• [AIM OF THE TASK] Every line containing "Free" should be identified and copied from the data below.
Start of MATERIAL PROVIDED
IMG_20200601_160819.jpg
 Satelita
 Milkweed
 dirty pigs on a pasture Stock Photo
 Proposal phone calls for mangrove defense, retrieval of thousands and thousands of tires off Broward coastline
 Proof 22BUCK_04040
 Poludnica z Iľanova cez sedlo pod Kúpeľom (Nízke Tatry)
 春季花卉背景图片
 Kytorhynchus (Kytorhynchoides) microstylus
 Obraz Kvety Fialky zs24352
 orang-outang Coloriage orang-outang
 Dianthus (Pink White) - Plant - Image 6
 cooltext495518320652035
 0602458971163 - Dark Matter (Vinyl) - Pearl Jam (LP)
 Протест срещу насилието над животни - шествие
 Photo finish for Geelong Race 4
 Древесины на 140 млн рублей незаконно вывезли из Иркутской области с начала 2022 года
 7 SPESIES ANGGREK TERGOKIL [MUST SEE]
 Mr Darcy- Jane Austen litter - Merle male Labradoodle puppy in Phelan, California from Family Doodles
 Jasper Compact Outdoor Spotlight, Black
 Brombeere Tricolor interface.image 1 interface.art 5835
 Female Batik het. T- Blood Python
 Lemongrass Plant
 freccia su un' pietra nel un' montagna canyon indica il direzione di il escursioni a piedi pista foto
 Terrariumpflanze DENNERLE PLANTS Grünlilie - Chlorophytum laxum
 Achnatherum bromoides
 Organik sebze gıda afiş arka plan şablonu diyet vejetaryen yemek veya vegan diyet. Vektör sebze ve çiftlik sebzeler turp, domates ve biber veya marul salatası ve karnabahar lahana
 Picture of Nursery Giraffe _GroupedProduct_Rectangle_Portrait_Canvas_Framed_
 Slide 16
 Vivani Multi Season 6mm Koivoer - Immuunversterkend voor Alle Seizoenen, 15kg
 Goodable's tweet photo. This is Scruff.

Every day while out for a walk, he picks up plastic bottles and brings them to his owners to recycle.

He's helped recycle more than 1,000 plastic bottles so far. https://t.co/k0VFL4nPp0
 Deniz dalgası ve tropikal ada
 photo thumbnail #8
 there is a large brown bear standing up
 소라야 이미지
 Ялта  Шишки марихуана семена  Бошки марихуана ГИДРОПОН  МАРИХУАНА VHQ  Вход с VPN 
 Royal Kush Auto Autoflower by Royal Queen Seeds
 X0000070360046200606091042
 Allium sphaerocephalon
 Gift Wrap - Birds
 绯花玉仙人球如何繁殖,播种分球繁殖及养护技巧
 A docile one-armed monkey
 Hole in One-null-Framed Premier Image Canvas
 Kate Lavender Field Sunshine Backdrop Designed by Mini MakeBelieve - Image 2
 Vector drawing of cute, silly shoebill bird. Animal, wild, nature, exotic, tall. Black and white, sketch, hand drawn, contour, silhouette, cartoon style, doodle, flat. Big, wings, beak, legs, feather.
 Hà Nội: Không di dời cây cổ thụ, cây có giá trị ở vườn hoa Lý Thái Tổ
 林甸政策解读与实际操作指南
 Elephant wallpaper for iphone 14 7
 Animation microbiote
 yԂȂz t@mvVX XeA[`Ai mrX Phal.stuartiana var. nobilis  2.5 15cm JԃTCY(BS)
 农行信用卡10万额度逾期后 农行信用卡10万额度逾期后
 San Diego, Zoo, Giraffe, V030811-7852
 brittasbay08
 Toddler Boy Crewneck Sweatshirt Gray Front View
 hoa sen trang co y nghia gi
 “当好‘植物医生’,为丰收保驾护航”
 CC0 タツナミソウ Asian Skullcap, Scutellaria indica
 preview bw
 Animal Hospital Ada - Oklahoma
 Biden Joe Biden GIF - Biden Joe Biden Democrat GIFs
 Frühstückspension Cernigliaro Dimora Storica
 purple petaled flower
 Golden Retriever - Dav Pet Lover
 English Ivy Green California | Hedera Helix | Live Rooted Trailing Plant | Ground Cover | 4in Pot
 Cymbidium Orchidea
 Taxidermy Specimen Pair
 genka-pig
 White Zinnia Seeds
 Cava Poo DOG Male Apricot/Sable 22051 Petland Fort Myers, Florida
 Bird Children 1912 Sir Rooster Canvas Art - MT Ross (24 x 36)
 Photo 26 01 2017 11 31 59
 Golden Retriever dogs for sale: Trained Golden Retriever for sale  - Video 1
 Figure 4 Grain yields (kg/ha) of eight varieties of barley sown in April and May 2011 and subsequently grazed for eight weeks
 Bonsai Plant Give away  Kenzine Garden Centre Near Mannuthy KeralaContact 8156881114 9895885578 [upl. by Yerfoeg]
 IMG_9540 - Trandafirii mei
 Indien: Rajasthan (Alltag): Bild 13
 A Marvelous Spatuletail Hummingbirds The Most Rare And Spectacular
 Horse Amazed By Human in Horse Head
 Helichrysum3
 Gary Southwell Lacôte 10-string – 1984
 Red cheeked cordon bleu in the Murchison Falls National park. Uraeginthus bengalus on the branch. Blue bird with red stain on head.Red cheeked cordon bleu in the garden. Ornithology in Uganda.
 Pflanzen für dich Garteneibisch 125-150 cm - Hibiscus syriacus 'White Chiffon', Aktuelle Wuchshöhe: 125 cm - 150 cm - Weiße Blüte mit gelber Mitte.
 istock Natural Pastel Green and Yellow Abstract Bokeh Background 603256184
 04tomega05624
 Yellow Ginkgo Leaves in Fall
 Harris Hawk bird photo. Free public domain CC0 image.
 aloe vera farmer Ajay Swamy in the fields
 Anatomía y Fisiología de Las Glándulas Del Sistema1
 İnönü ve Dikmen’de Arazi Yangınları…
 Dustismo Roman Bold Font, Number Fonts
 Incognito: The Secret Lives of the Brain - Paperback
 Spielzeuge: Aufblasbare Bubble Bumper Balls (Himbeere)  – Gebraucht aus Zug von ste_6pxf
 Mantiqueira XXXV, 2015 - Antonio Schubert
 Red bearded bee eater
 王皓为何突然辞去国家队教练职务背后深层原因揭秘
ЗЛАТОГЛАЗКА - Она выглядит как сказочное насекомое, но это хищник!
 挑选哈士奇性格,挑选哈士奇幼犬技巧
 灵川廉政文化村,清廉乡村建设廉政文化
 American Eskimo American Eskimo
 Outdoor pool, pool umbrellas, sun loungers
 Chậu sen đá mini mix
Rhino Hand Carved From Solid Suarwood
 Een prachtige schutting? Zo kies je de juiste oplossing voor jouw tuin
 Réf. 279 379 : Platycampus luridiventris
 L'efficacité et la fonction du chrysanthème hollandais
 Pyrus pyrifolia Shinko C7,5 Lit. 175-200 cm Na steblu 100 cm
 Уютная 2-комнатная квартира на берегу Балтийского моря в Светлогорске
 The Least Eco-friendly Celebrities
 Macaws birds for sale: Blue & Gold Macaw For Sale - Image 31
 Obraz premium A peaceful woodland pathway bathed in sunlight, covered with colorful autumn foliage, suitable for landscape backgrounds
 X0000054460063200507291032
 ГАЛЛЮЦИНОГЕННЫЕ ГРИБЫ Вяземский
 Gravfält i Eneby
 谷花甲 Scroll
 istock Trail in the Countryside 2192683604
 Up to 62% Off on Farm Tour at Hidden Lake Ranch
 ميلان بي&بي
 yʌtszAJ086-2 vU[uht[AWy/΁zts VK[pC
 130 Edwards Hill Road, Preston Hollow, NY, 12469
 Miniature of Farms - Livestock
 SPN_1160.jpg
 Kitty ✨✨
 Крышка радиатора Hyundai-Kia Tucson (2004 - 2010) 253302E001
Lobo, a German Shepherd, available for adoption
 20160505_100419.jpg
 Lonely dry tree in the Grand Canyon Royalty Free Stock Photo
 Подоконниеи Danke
End of MATERIAL PROVIDED
• [RESULT OF THE TASK]
 Harris Hawk bird photo. Free public domain CC0 image.
 Lonely dry tree in the Grand Canyon Royalty Free Stock Photo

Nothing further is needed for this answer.